#### TASK ITEM:
Leave out all pictures and retype exactly the lines from the one with "StarTech.com 1m Thunderbolt" through the last line of the material.

#### SOURCE MATERIAL:
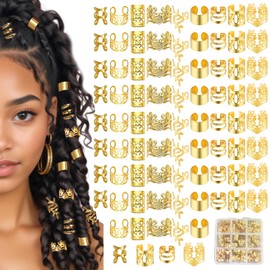 Pack of 90 Gold Hair Accessories, Dreadlocks Jewellery, Pirate Hair Accessories, Hair Spiral Clips, Hair Accessories, Gold Hair Beads, Hair Rings, Gold Adjustable for Men and Women, with Storage Box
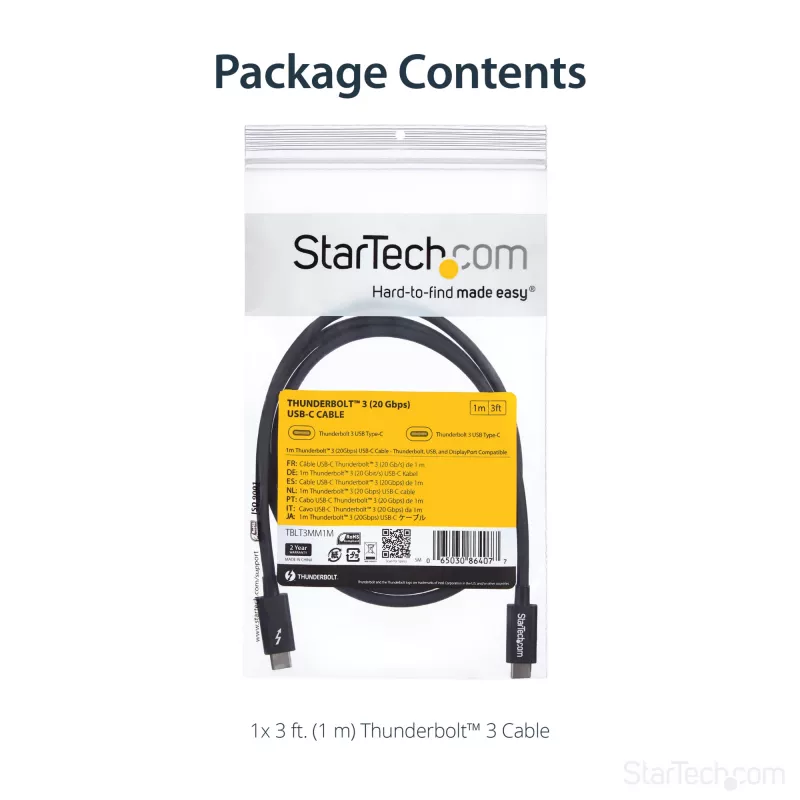 StarTech.com 1m Thunderbolt 3 (20Gbps) USB-C laidas - suderinamas su Thunderbolt, USB ir DisplayPort
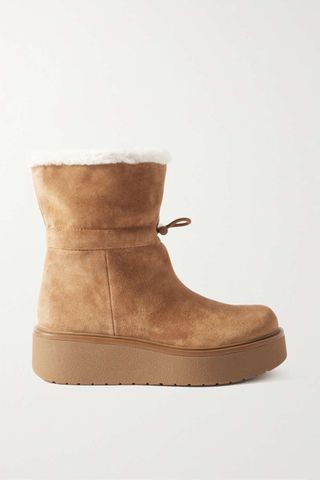 Vince + Bellingham Shearling-Lined Suede Ankle Boots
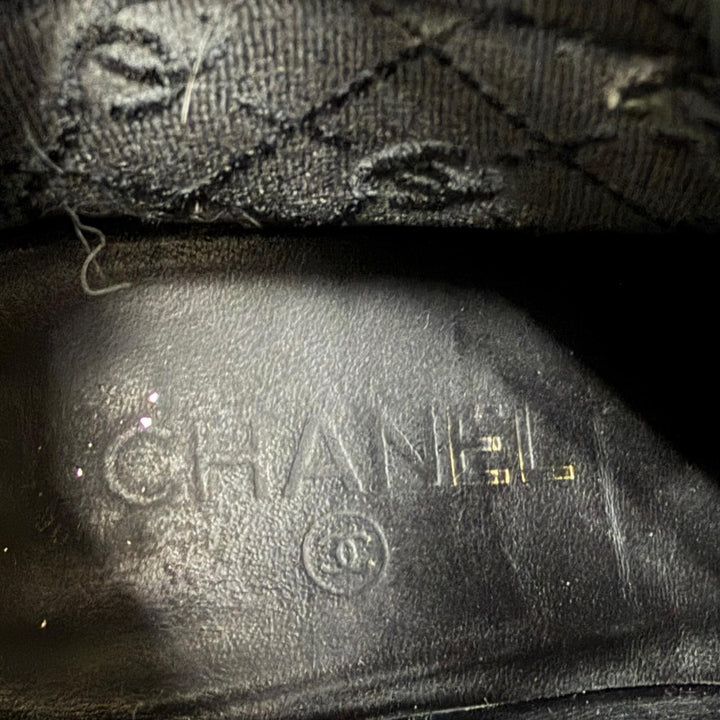 Great CHANEL short boots COCO Mark Side Gore Leather black Women 37.5 G45937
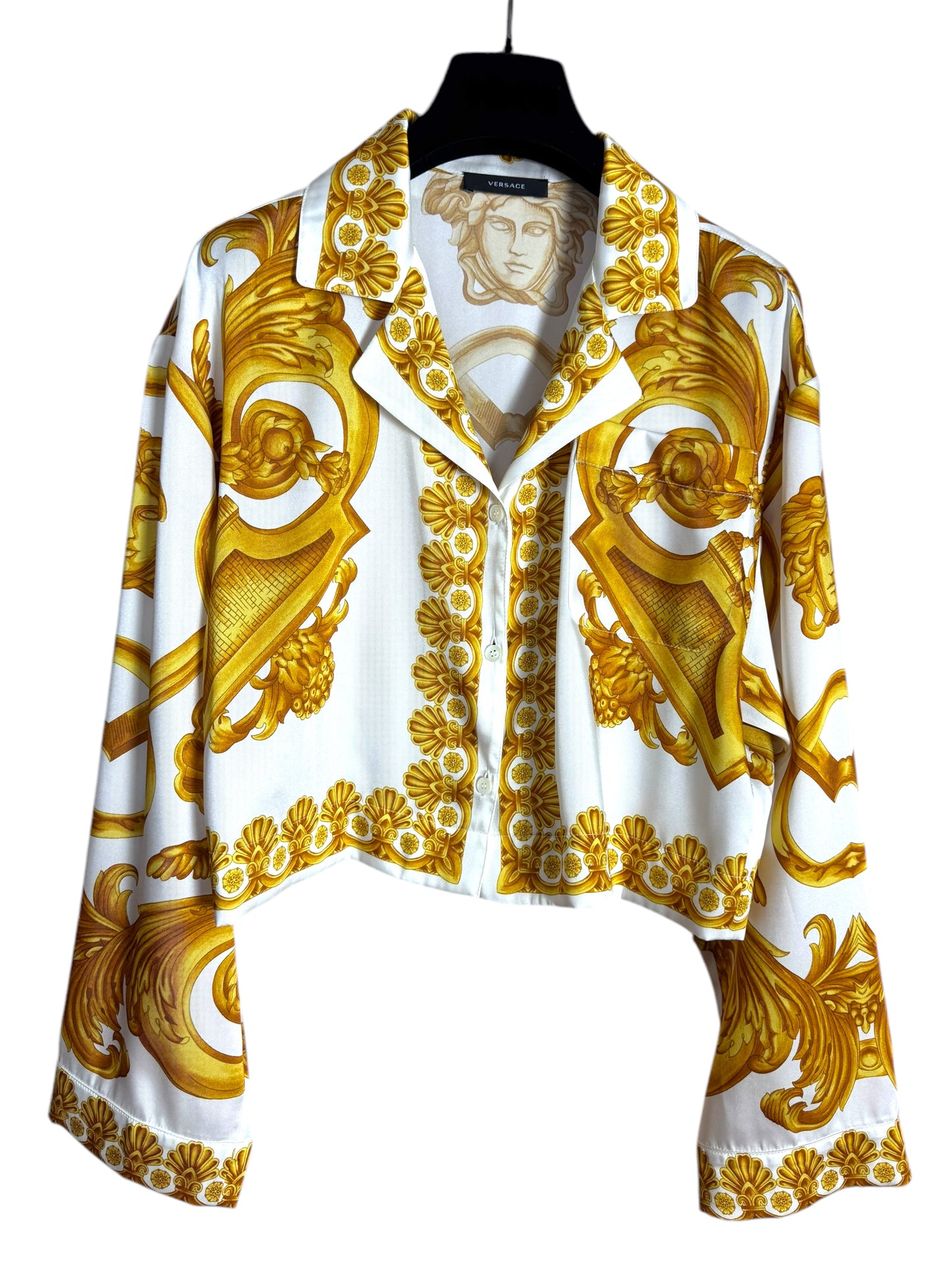 Versace Camicia Crop Donna - Heritage Barocco Oro/Bianco (it36)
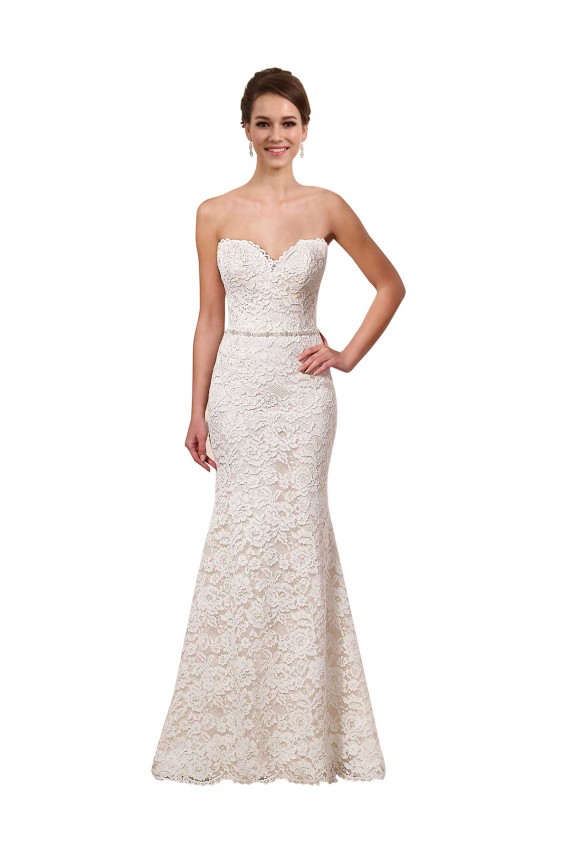Compre Marfil Cubierta Cuello de Corazón Cola capilla Encaje Vestidos de novia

#### EXERCISE SOLUTION:
 StarTech.com 1m Thunderbolt 3 (20Gbps) USB-C laidas - suderinamas su Thunderbolt, USB ir DisplayPort
 Vince + Bellingham Shearling-Lined Suede Ankle Boots
 Great CHANEL short boots COCO Mark Side Gore Leather black Women 37.5 G45937
 Versace Camicia Crop Donna - Heritage Barocco Oro/Bianco (it36)
Compre Marfil Cubierta Cuello de Corazón Cola capilla Encaje Vestidos de novia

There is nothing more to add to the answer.